[Problem statement] The listing below has to be output exactly as given, less its pictures.

[Supplied records]
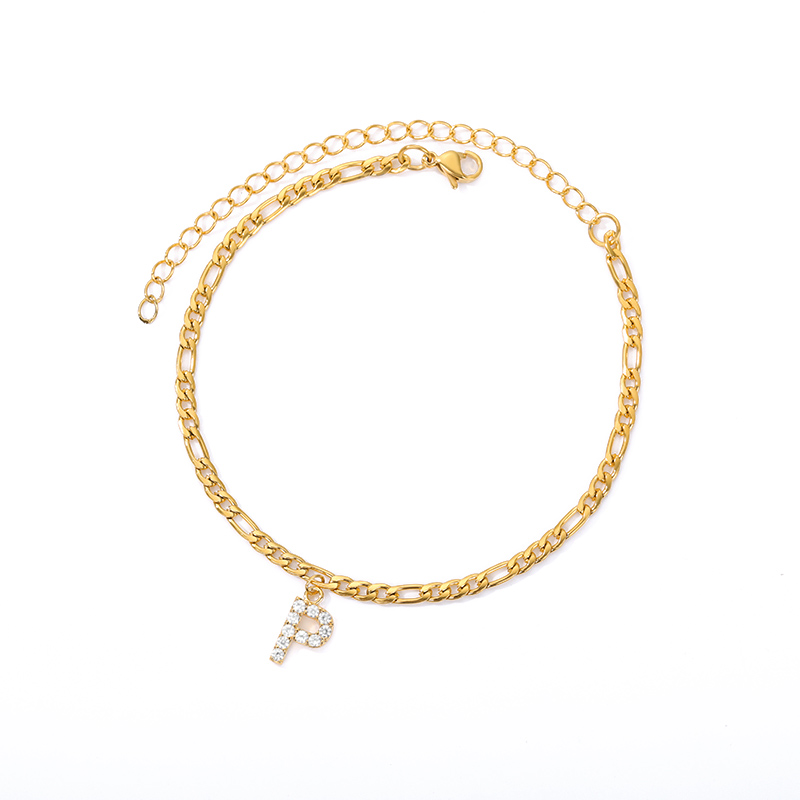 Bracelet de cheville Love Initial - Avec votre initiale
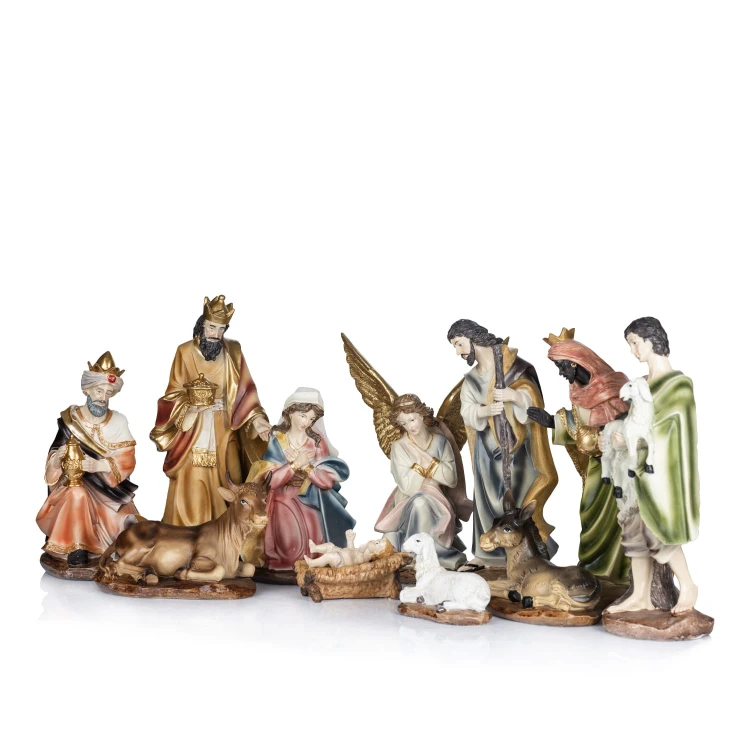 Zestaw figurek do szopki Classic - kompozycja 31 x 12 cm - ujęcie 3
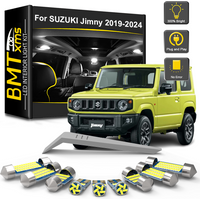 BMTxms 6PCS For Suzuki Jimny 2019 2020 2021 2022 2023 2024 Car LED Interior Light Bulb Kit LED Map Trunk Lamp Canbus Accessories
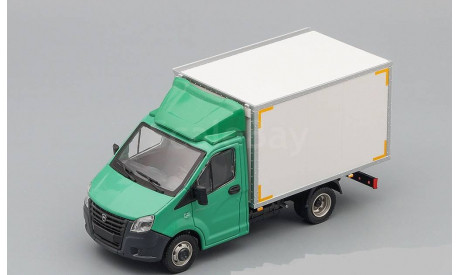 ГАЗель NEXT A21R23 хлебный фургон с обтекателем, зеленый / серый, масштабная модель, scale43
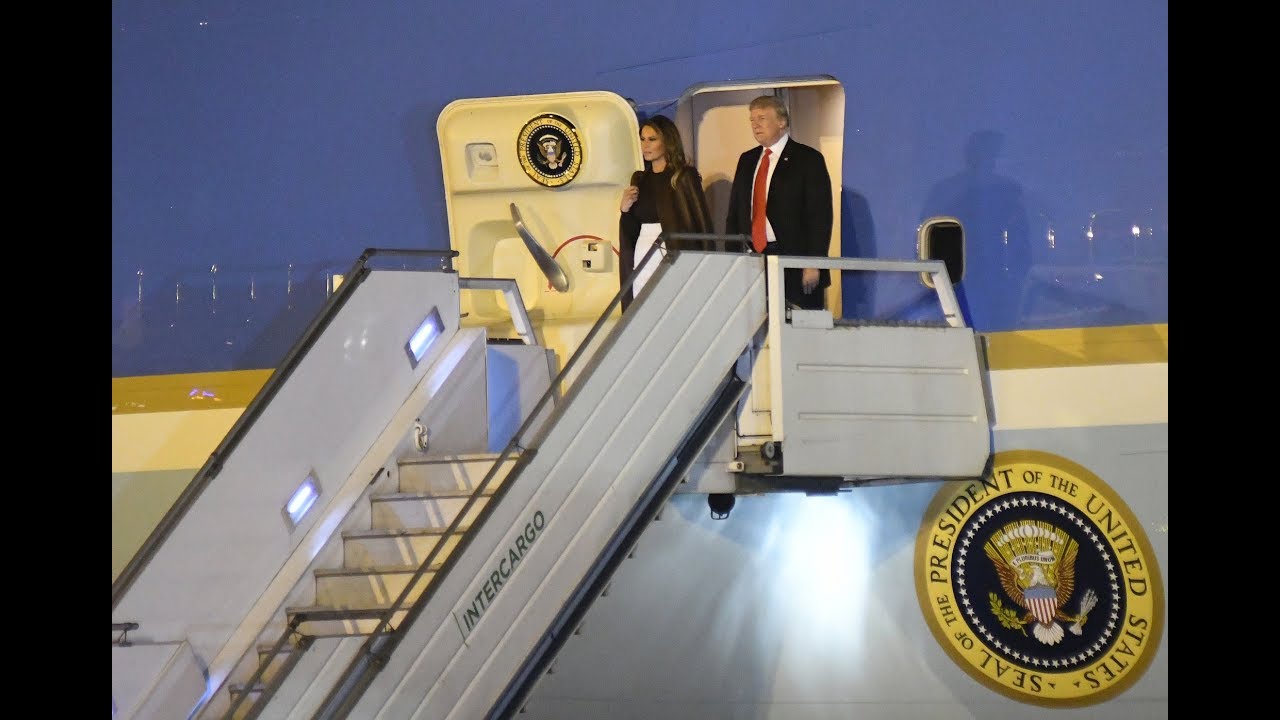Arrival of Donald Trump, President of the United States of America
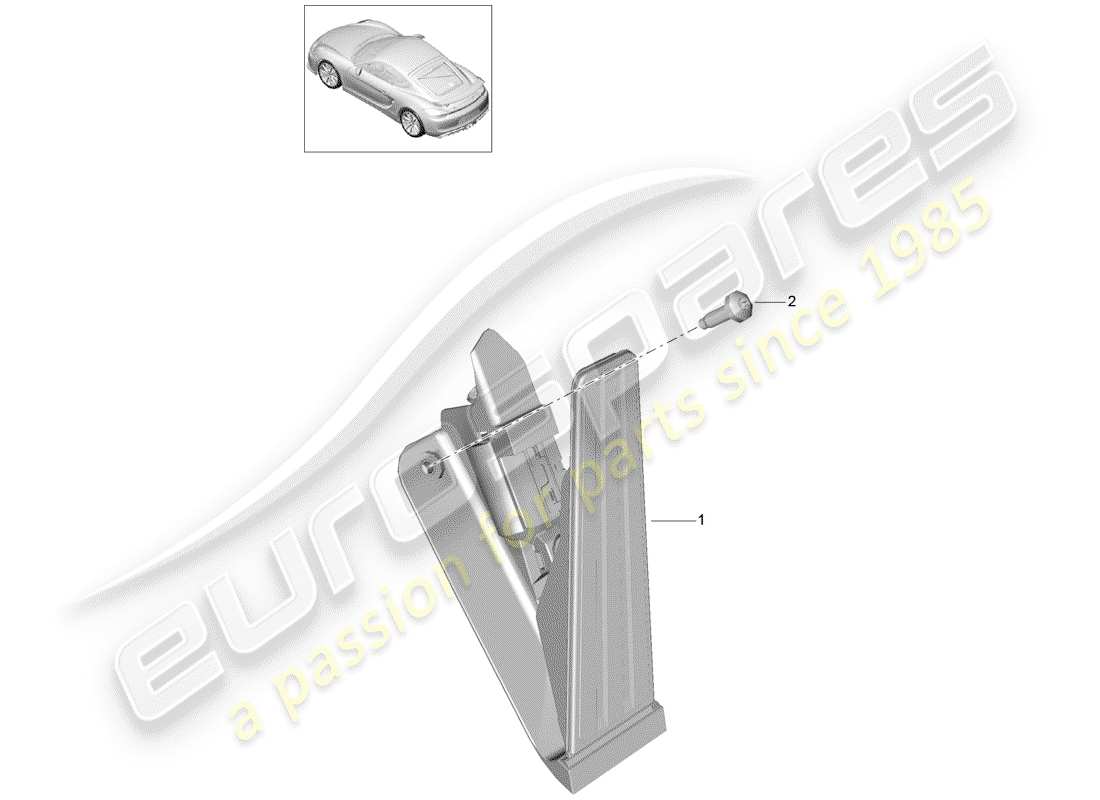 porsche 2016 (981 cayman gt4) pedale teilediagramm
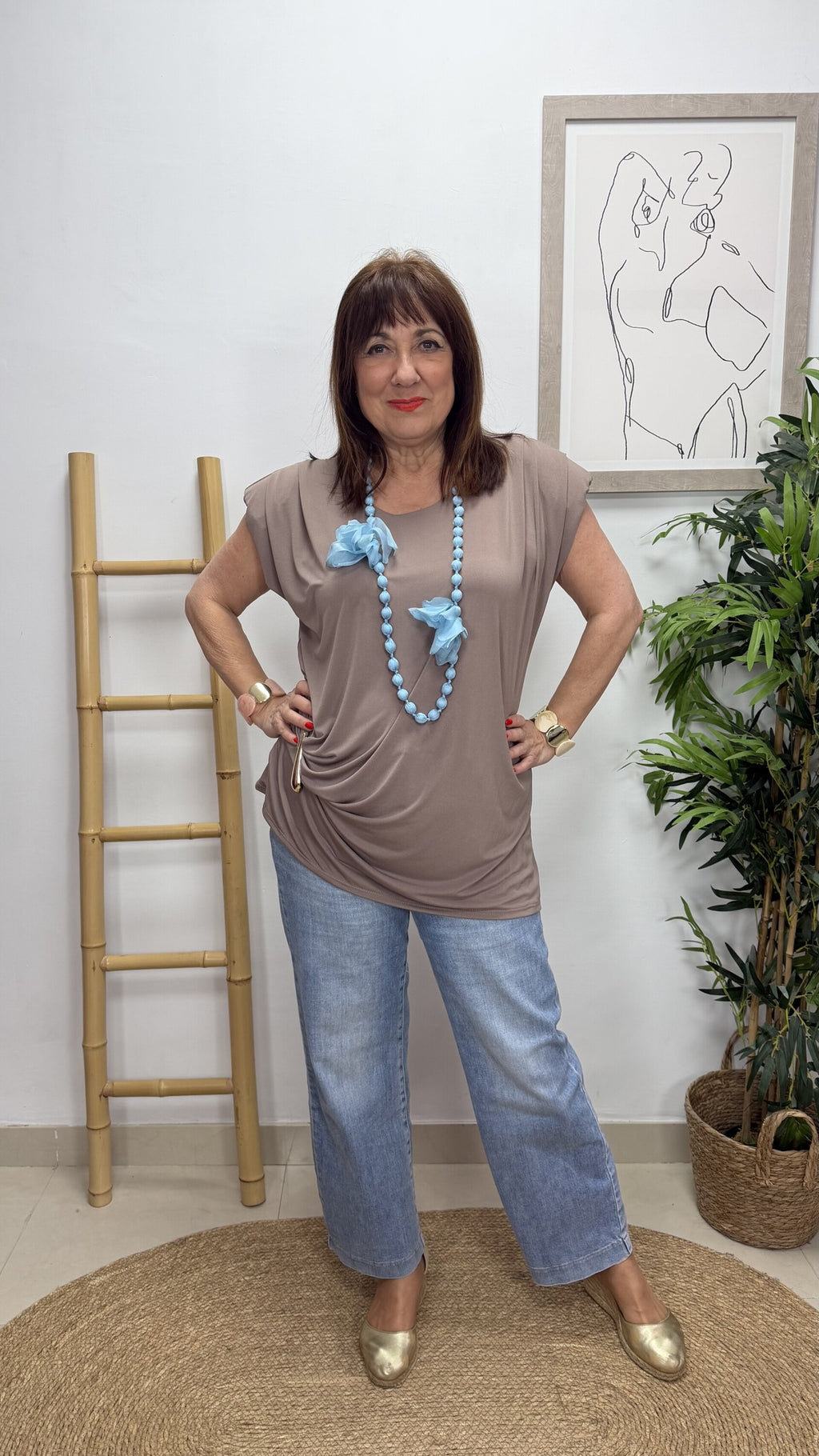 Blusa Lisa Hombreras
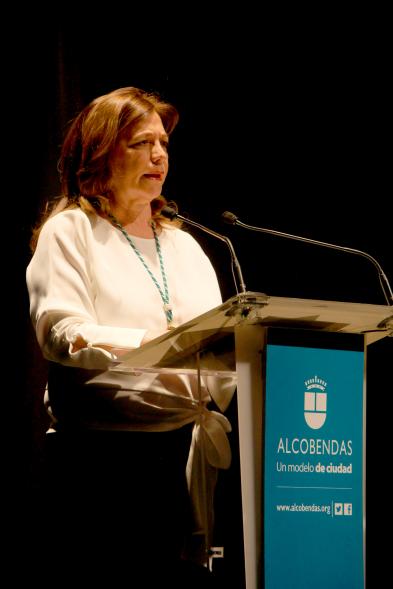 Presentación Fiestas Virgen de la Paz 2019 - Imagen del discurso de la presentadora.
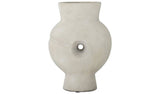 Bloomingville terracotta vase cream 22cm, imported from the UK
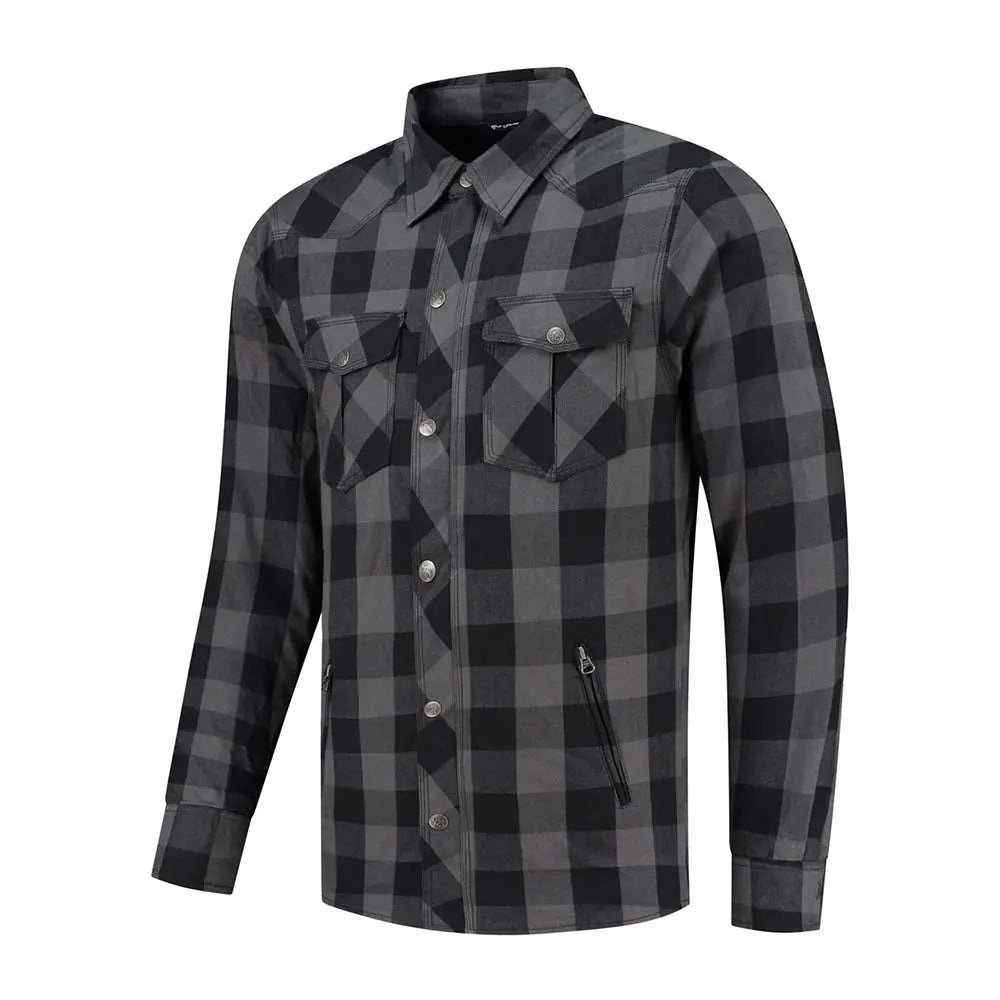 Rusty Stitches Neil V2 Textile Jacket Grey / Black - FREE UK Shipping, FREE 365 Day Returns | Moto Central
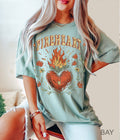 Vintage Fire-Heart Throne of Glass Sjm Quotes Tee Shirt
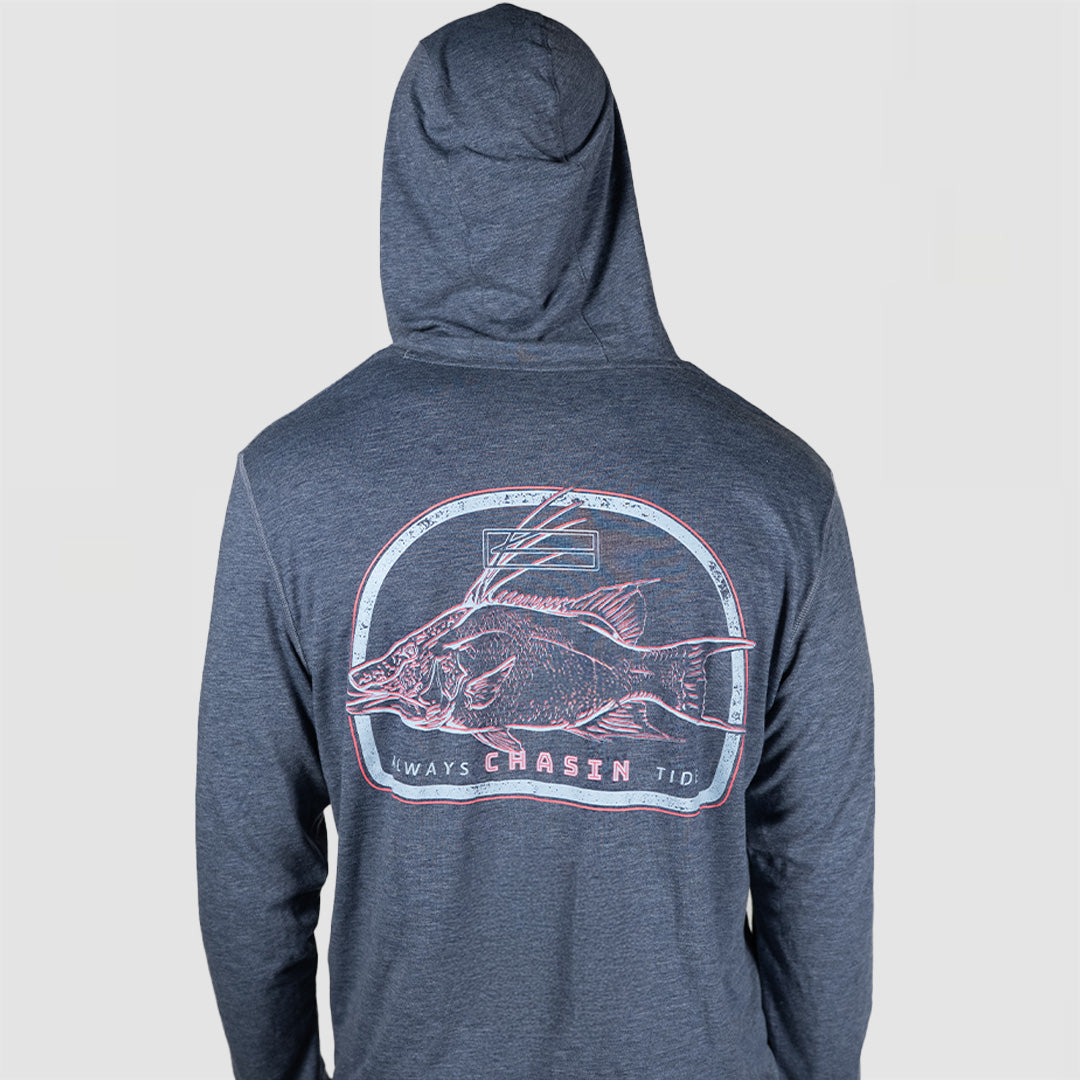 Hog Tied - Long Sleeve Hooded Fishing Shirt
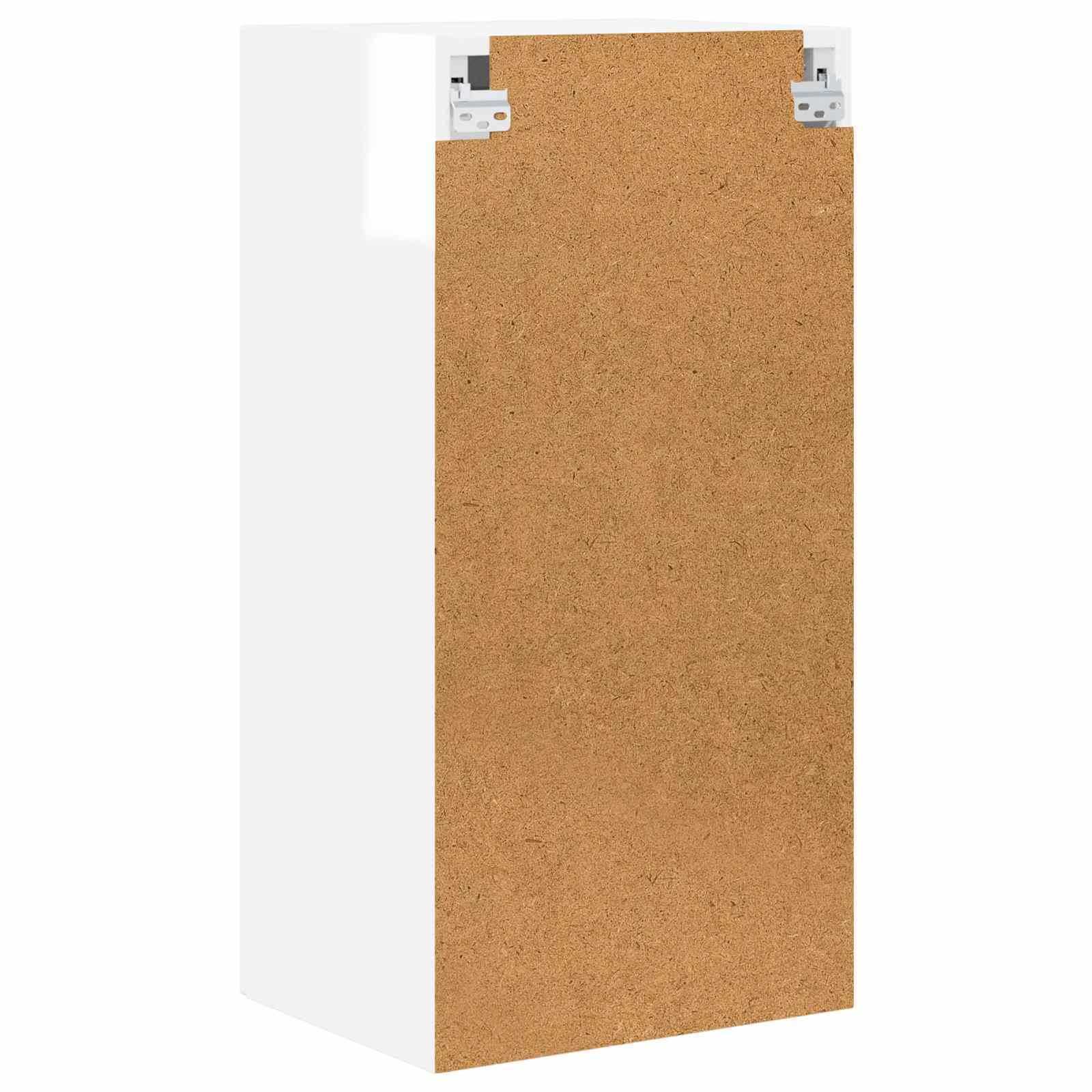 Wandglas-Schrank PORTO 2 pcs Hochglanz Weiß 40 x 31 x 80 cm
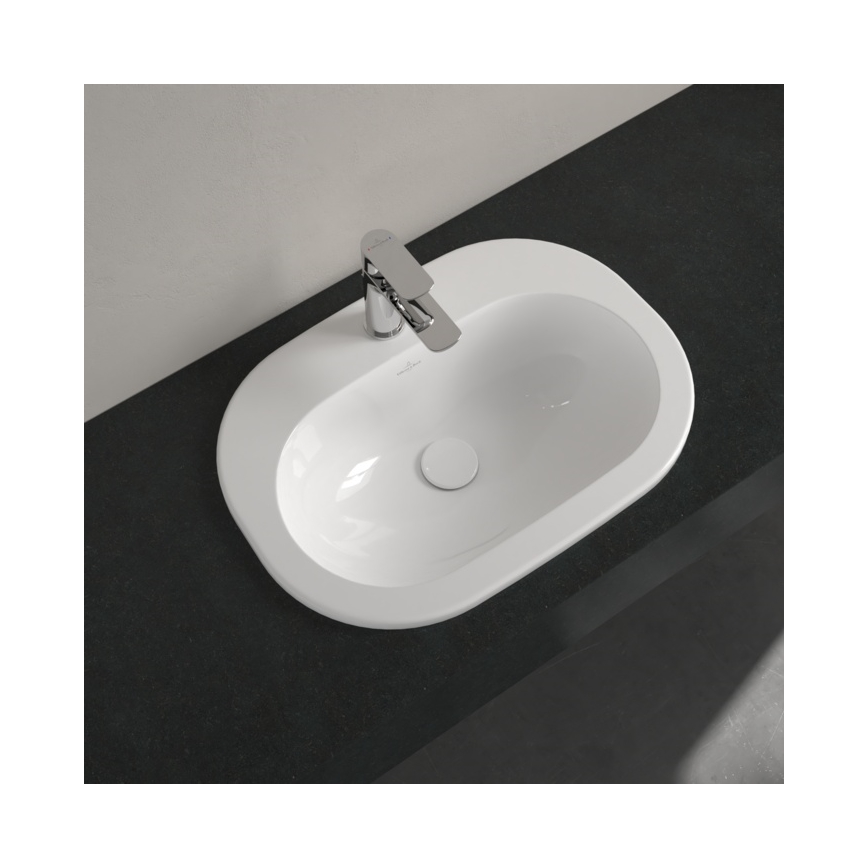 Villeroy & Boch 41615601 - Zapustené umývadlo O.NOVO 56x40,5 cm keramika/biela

[Answer to this task]
 Bracelet de cheville Love Initial - Avec votre initiale
 Zestaw figurek do szopki Classic - kompozycja 31 x 12 cm - ujęcie 3
 BMTxms 6PCS For Suzuki Jimny 2019 2020 2021 2022 2023 2024 Car LED Interior Light Bulb Kit LED Map Trunk Lamp Canbus Accessories
 ГАЗель NEXT A21R23 хлебный фургон с обтекателем, зеленый / серый, масштабная модель, scale43
Arrival of Donald Trump, President of the United States of America
 porsche 2016 (981 cayman gt4) pedale teilediagramm
 Blusa Lisa Hombreras
 Presentación Fiestas Virgen de la Paz 2019 - Imagen del discurso de la presentadora.
 Bloomingville terracotta vase cream 22cm, imported from the UK
 Rusty Stitches Neil V2 Textile Jacket Grey / Black - FREE UK Shipping, FREE 365 Day Returns | Moto Central
 Vintage Fire-Heart Throne of Glass Sjm Quotes Tee Shirt
 Hog Tied - Long Sleeve Hooded Fishing Shirt
 Wandglas-Schrank PORTO 2 pcs Hochglanz Weiß 40 x 31 x 80 cm
 Villeroy & Boch 41615601 - Zapustené umývadlo O.NOVO 56x40,5 cm keramika/biela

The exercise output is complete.